You can register multiple prompts -- each gets its own identifier and hash.

Verification

Before each provider call, the current prompt content is verified against the stored hash:

if not detector.verify("system", current_system_prompt):
    # Drift detected! The prompt has changed since registration.
    audit_logger.log("prompt_drift", {"prompt_id": "system"})

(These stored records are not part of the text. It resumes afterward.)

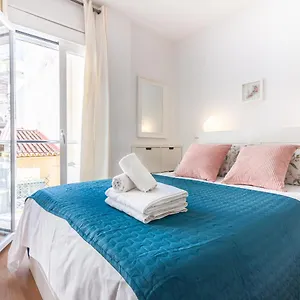  Apartamento Sea & Wave Adela Boutique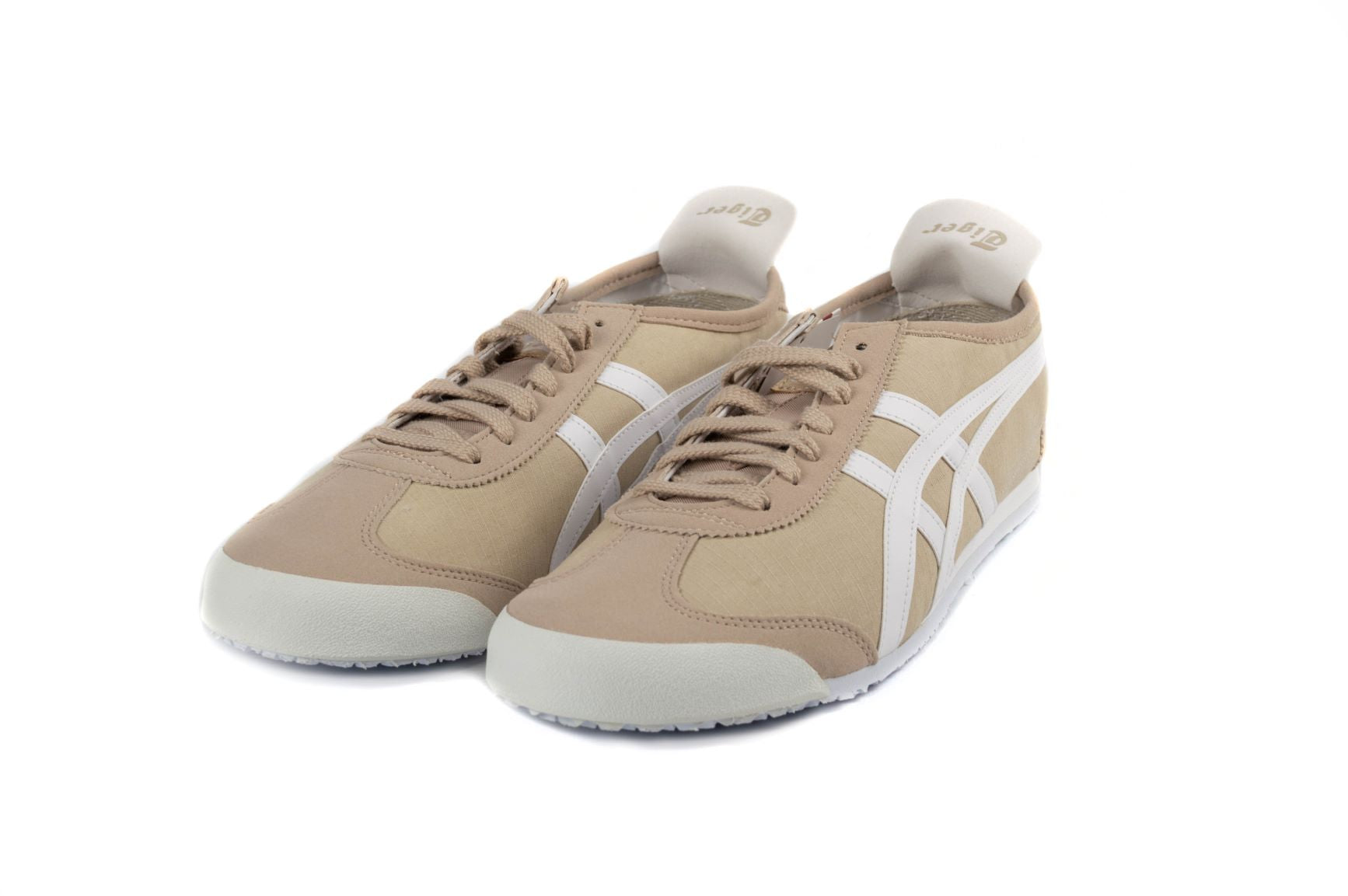 Asics mexico 66 felt sneaker discount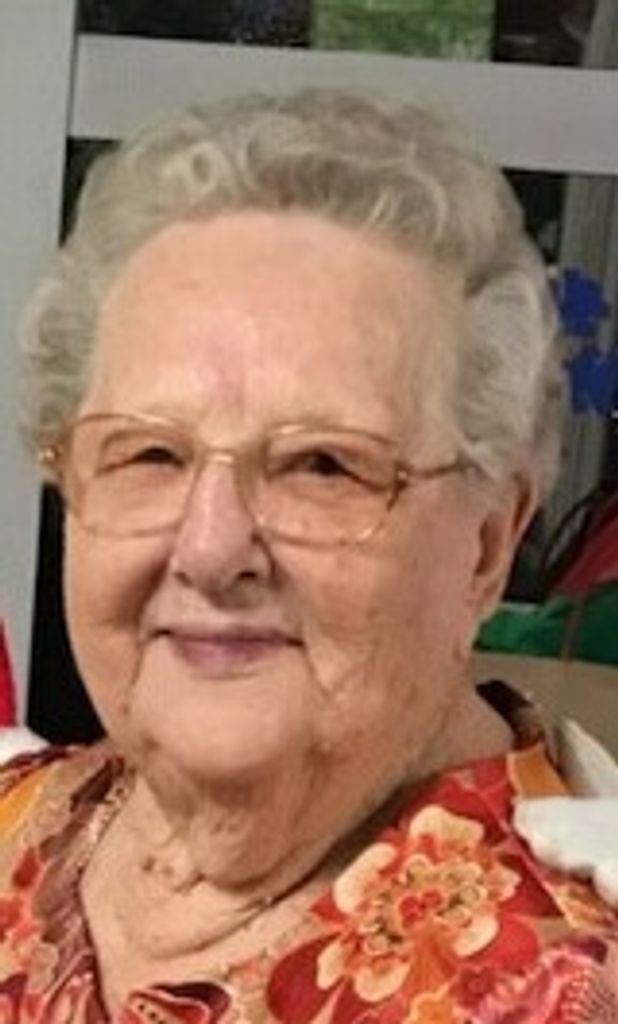 Kathryn A. Mellott Profile Photo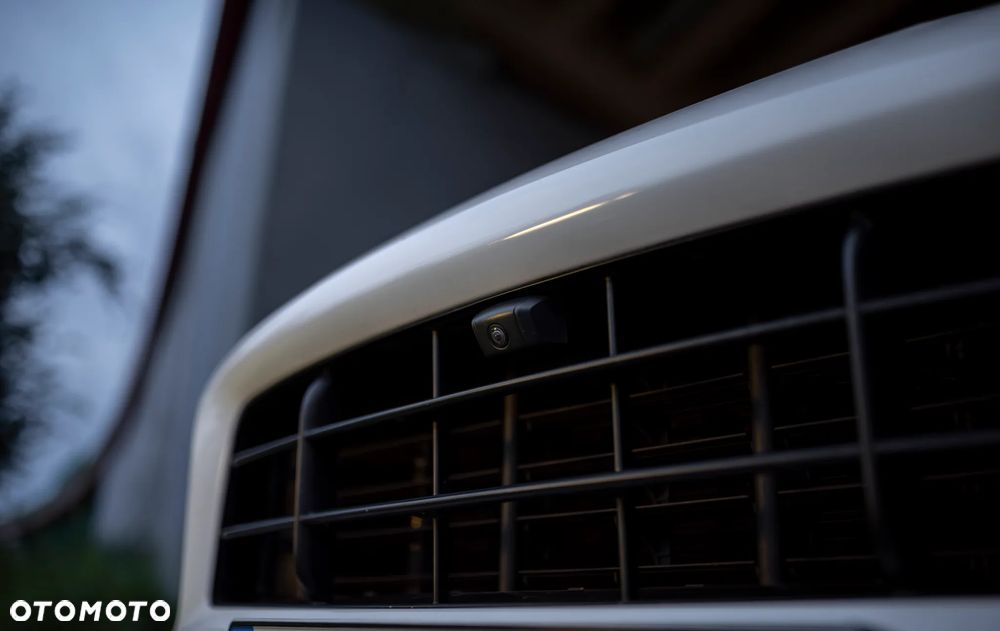 Porsche Cayenne S - 36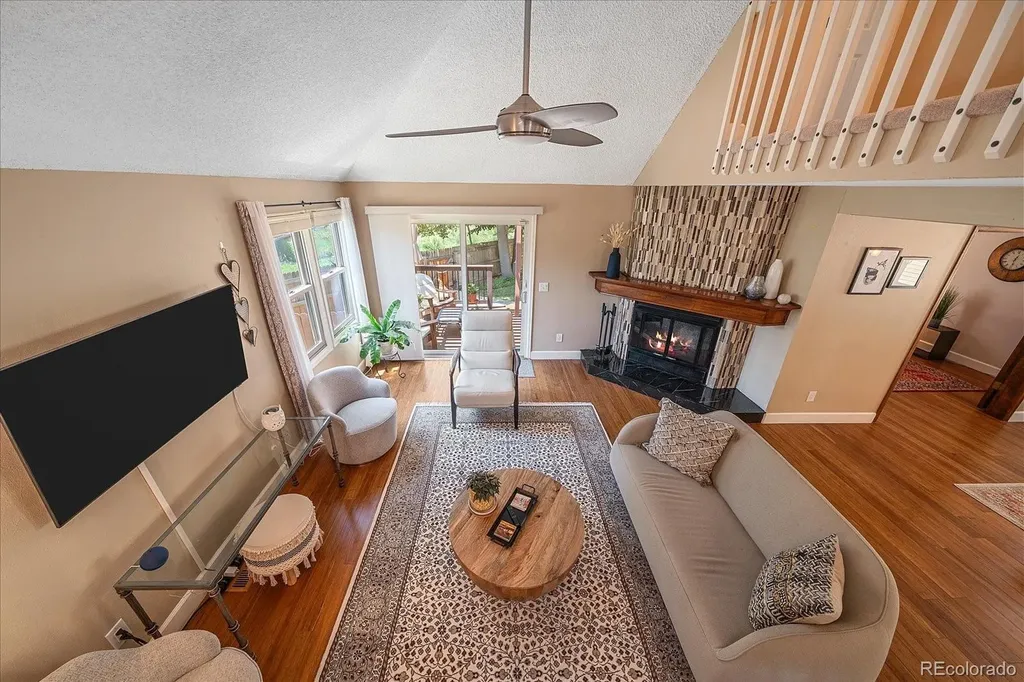 6459 S Filbert Lane Littleton CO 80121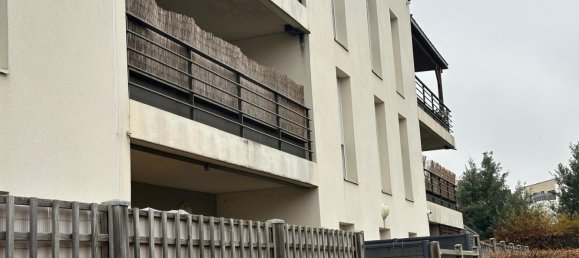 2 bedrooms Apartment in Tours, France No. 156113 11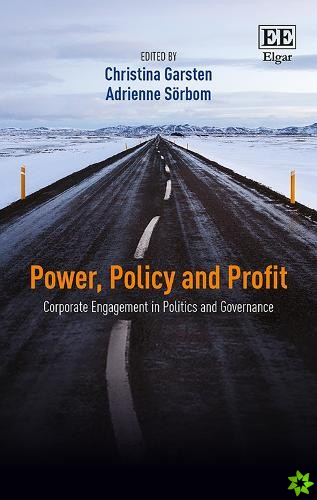 Power, Policy and Profit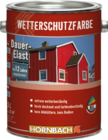 Wetterschutzfarbe von  im aktuellen Hornbach Prospekt für 37,95 €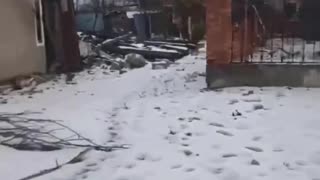 Zaporizhzhia direction, Hulyaipole. The situation in the city itself, where the "Russian world"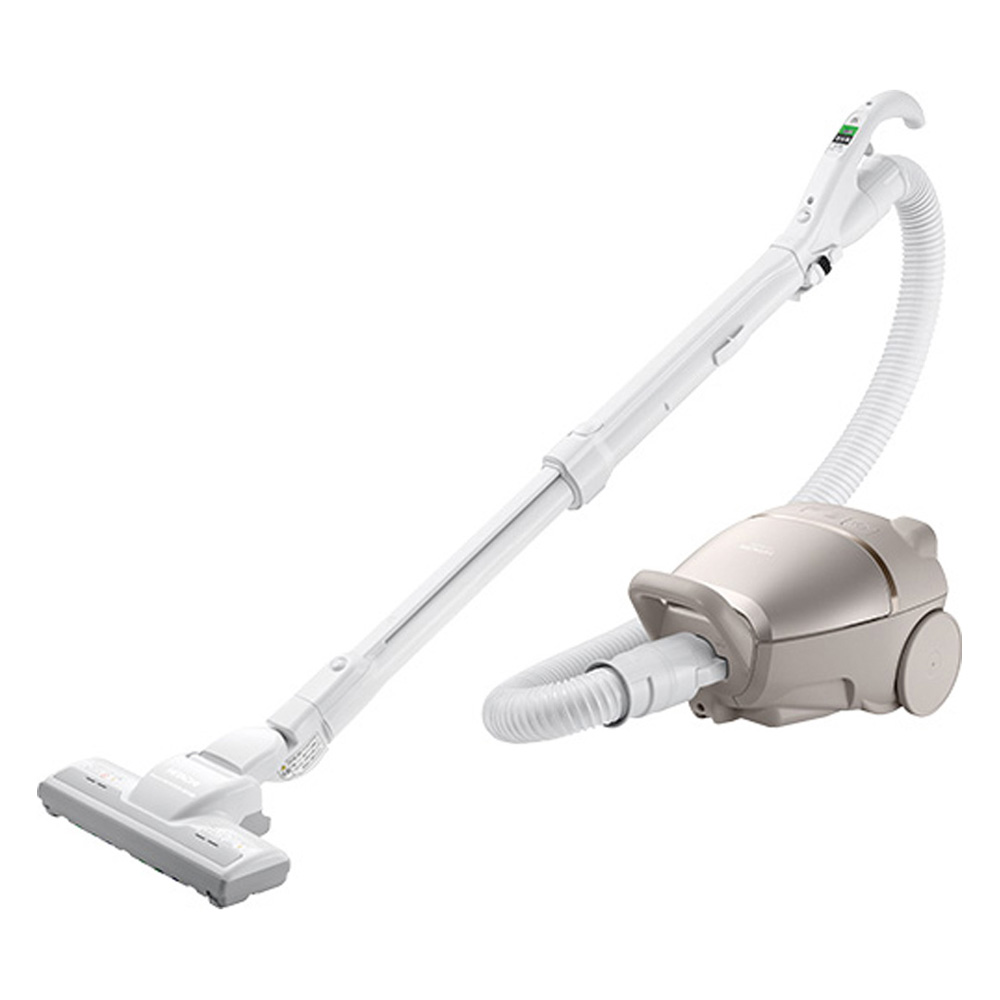 紙パック式クリーナー かるパック　CV-KP90L (N)
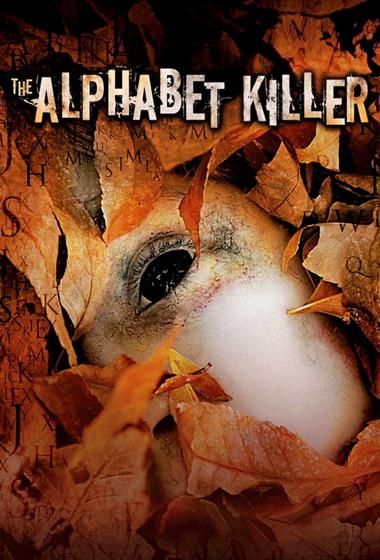 فيلم The Alphabet Killer 2008 مترجم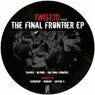 The Final Frontier Ep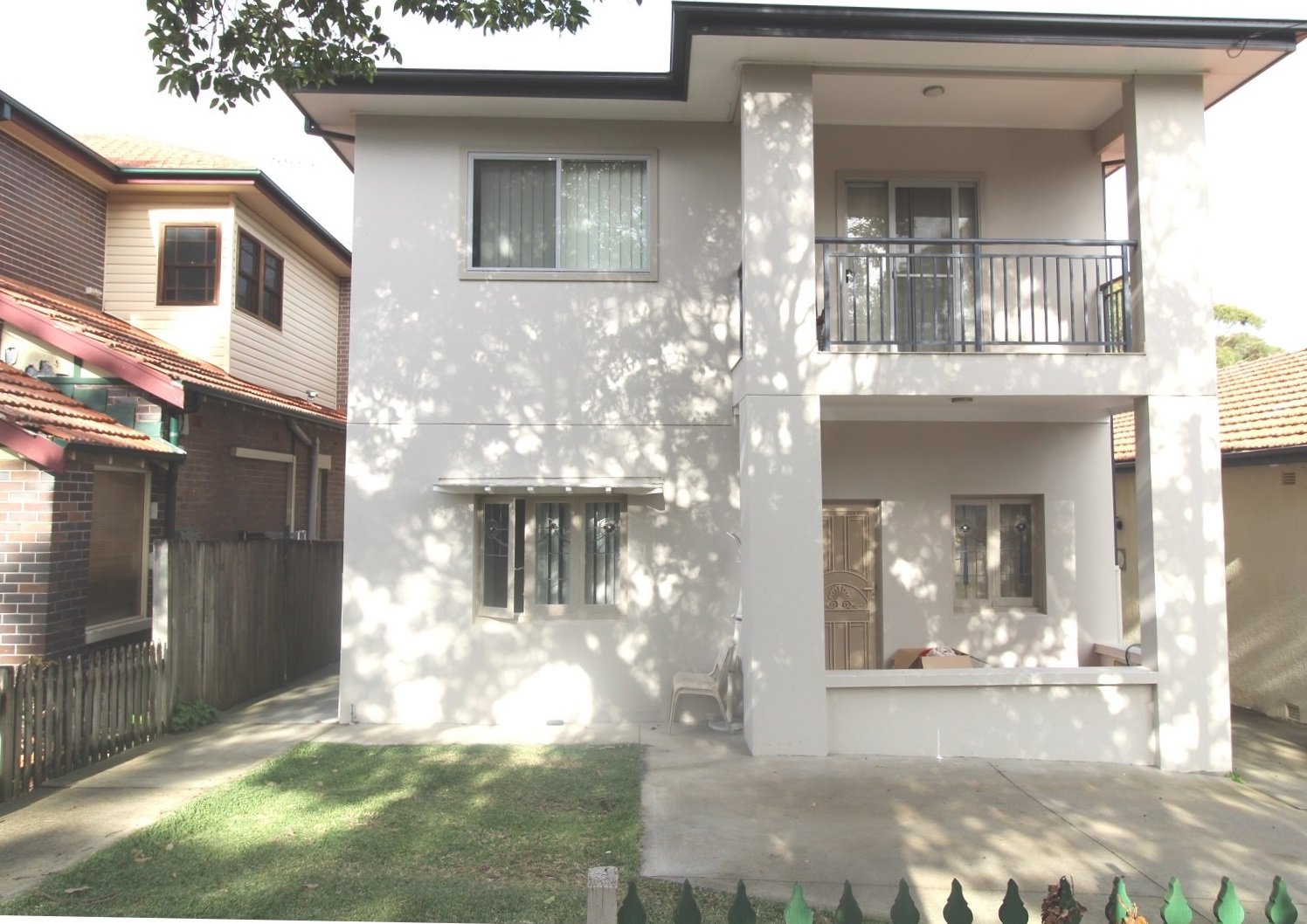 45 Monomeeth Street BEXLEY 1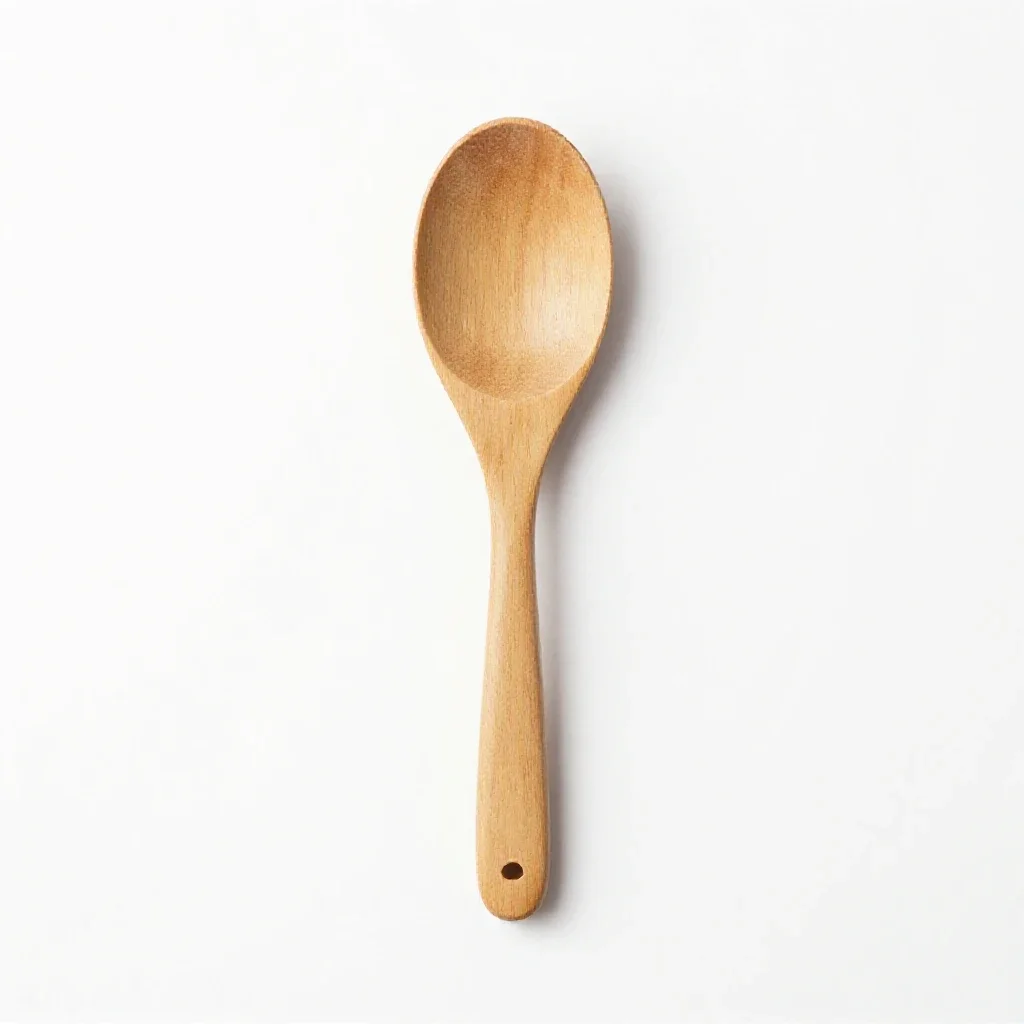Utensil isolated on a white background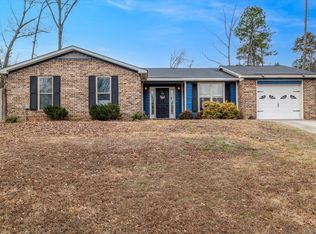 618 Matheny Cut, Martinez, GA 30907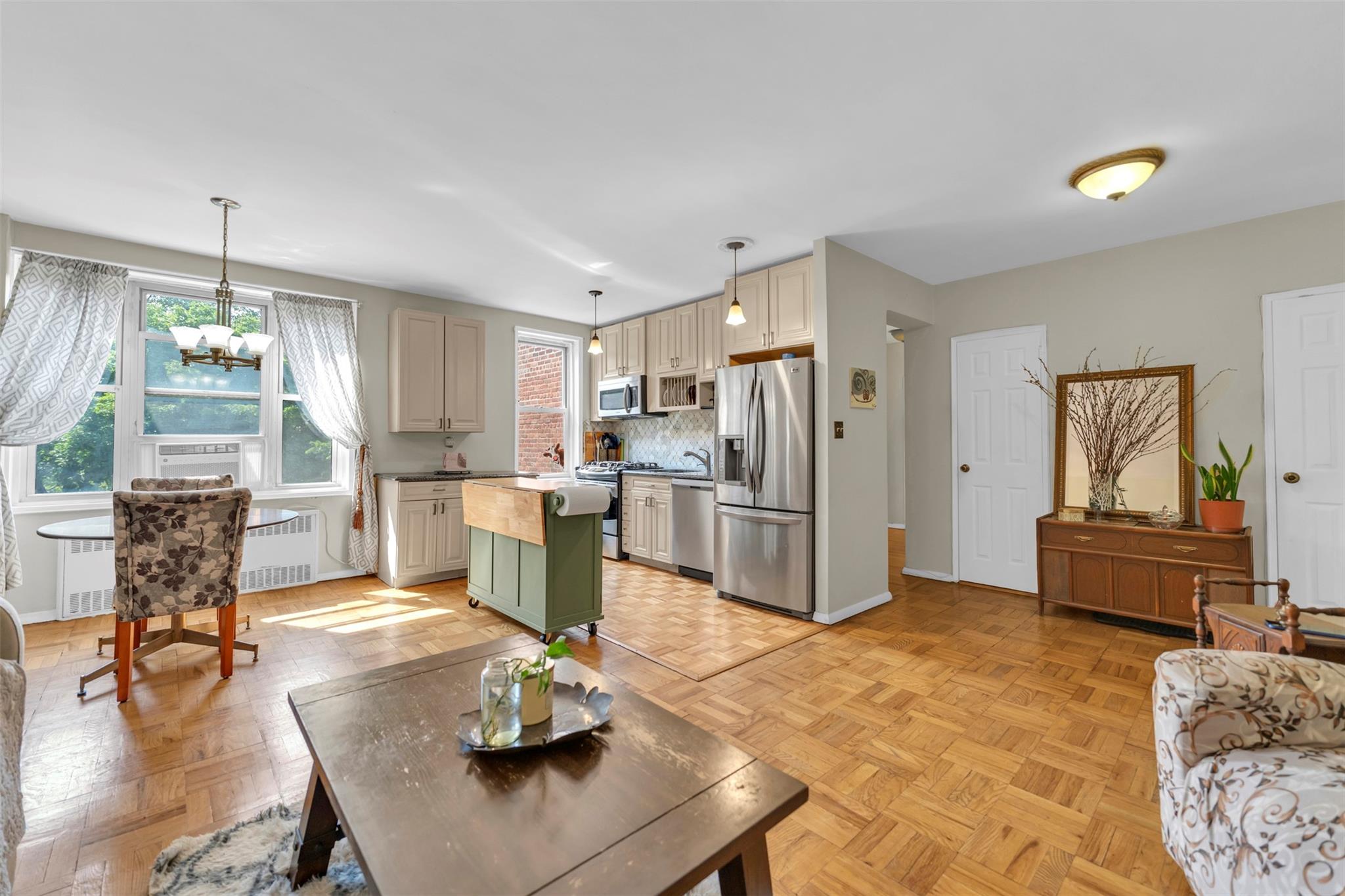 5601 Riverdale Avenue Unit: 7S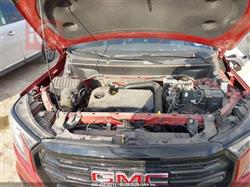 GMC Terrain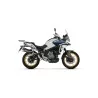 Arrow CFMOTO 700MT Adventure 2025/2026 72214PD Colectores racing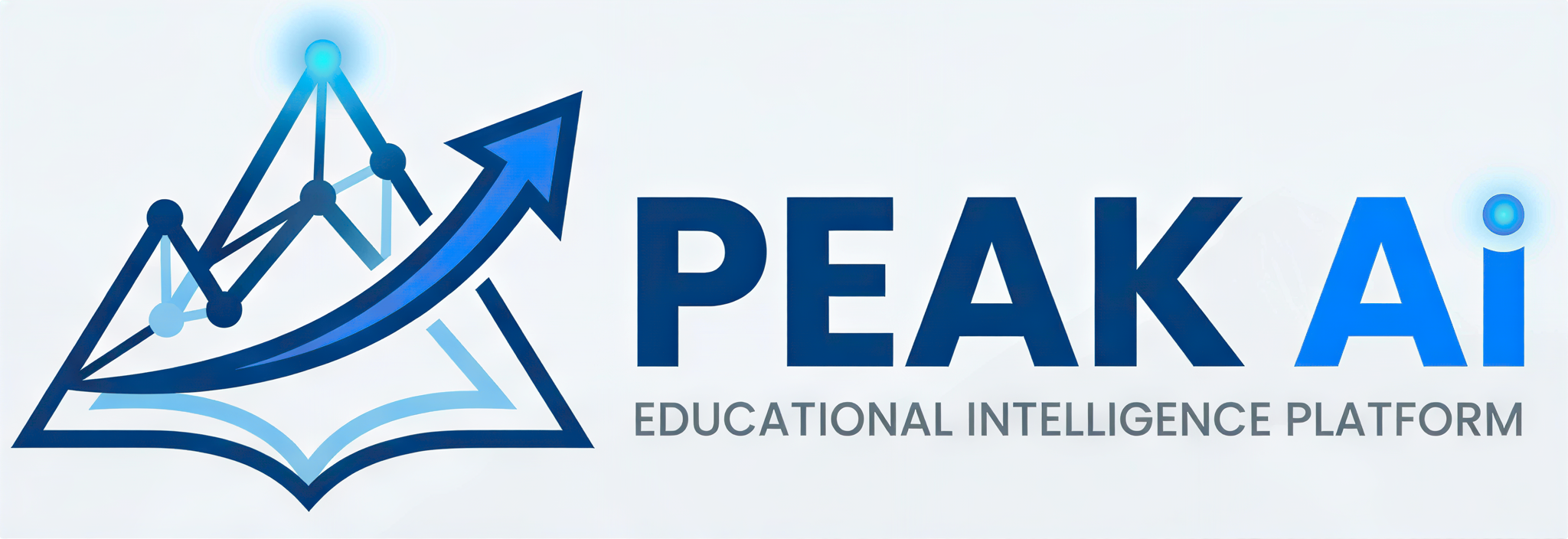 Peak AI Logo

If the identifier was never registered, verify() returns True (nothing to check).

Bulk Verification

Check all registered prompts at once:

report = detector.verify_all({
    "system": current_system_prompt,
    "tool_definitions": current_tool_json,
})

for entry in report:
    if entry["drifted"]:
        print(f"DRIFT: {entry['prompt_id']}")
        print(f"  Expected: {entry['expected_hash']}")
        print(f"  Actual:   {entry['actual_hash']}")

Audit Events

When drift is detected, the runtime emits a prompt_drift audit event:

{
  "event_type": "prompt_drift",
  "category": "security",
  "detail": {
    "prompt_id": "system",
    "expected_hash": "a3b2c1d4...",
    "actual_hash": "f7e8d9c0..."
  }
}

View drift events with:

missy audit security --limit 20

Drift Report

The get_drift_report() method returns the stored state of all registered prompts:

report = detector.get_drift_report()
# [
#     {"prompt_id": "system", "expected_hash": "a3b2c1d4..."},
#     {"prompt_id": "tool_definitions", "expected_hash": "e5f6a7b8..."},
# ]

Design Notes

  • SHA-256 hashing -- the hash is computed over the UTF-8 encoding of the prompt text. SHA-256 provides collision resistance sufficient for integrity checking.
  • No persistence -- hashes are held in memory for the session duration. Each new session re-registers its prompts.
  • Zero dependencies -- uses only the Python standard library hashlib.